Se hace los milagros a sí mismo. Es lo que tiene/no tiene de icono. Es, como el icono, el arma para agredir a Dios: una petición religiosa es una exigencia, y una exigencia es una agresión. El falo icónico es agresivo como icono (eréctil) y reverente como falo.
Cualquier lector/escritor dotado del «don de la obviedad», me diría: «El falo es sagrado porque es fecundo, porque es engendrador». No.
La adolescente que aún no piensa en descendencia, la menopáusica que ya ha sobrepasado los procesos de la maternidad, siguen teniendo una idea icónica —y obsérvese que no digo «sagrada», por moderación— del falo. Tampoco es que el prestigio fecundador del falo se haya hecho extensible hacia atrás y hacia adelante. La fecundidad (de la que el falo sólo es vehículo, pero que está depositada en los testículos), le confiere al falo un prestigio menor, secundario, fáctico, doméstico. El prestigio mágico del falo comienza, precisamente, allí donde se prescinde de su capacidad de engendrar.
El falo es la aguja que cose el cuerpo de la mujer a sí misma, a su identidad errante, la puntada/punzada fundamental que la mujer necesita para pespuntear su alma con su cuerpo. Eso que llamamos el alma y eso que llamamos el cuerpo, que no tienen mucha más realidad lo uno que lo otro. Ni mucha menos. El falo es aguja que cose vida a la vida.
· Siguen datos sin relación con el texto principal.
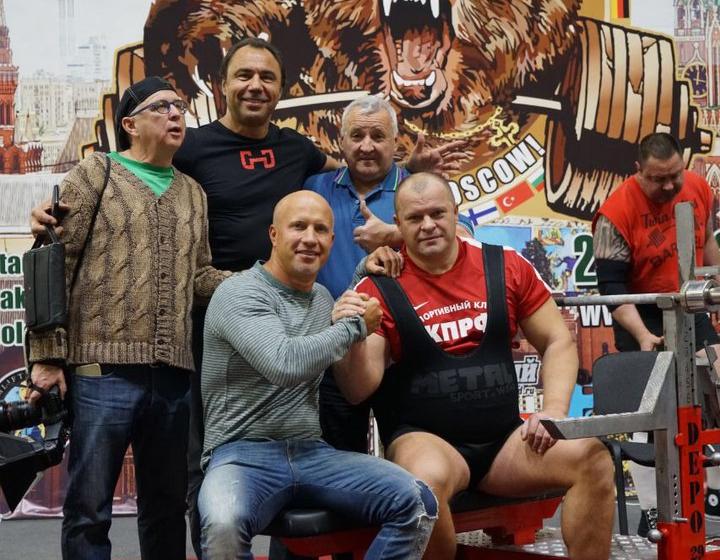 Атлет спортклуба КПРФ стал чемпионам мира в силовом жиме! Победа посвящена 100-летию Октябрьской Революции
Desde Freud, la mujer necesita llenar un hueco con el falo o con el hijo. Todo el psicoanálisis, o gran parte del psicoanálisis, tiende a la identificación hijo/falo. Habría que intentar una desidentificación. Contra la idea reaccionaria del hijo fálico, o del falo como anticipación del hijo, propondríamos la idea de que la mujer, de pronto, ha encontrado la manera de resolver su vacío mediante el falo. El falo icónico es todo lo contrario del falo fecundante, aunque se trate del mismo falo. El falo funda una religión en cuanto que no procrea (y a esto ha contribuido la esterilidad artificial de la mujer: píldora, etc.). El falo icónico, del que sólo se espera placer, juego e identidad asimilable de un macho, es el falo sacral de nuestro tiempo.
La mujer se ha salvado de la fecundación, pero se ha consagrado involuntariamente, encadenadamente, a un falo tanto más fascinante por no/funcional, por meramente lujoso. El falo es el icono, hoy, de las vagas religiones que tienen por dios el placer y el juego. El falo es el icono de la religión de los cuerpos.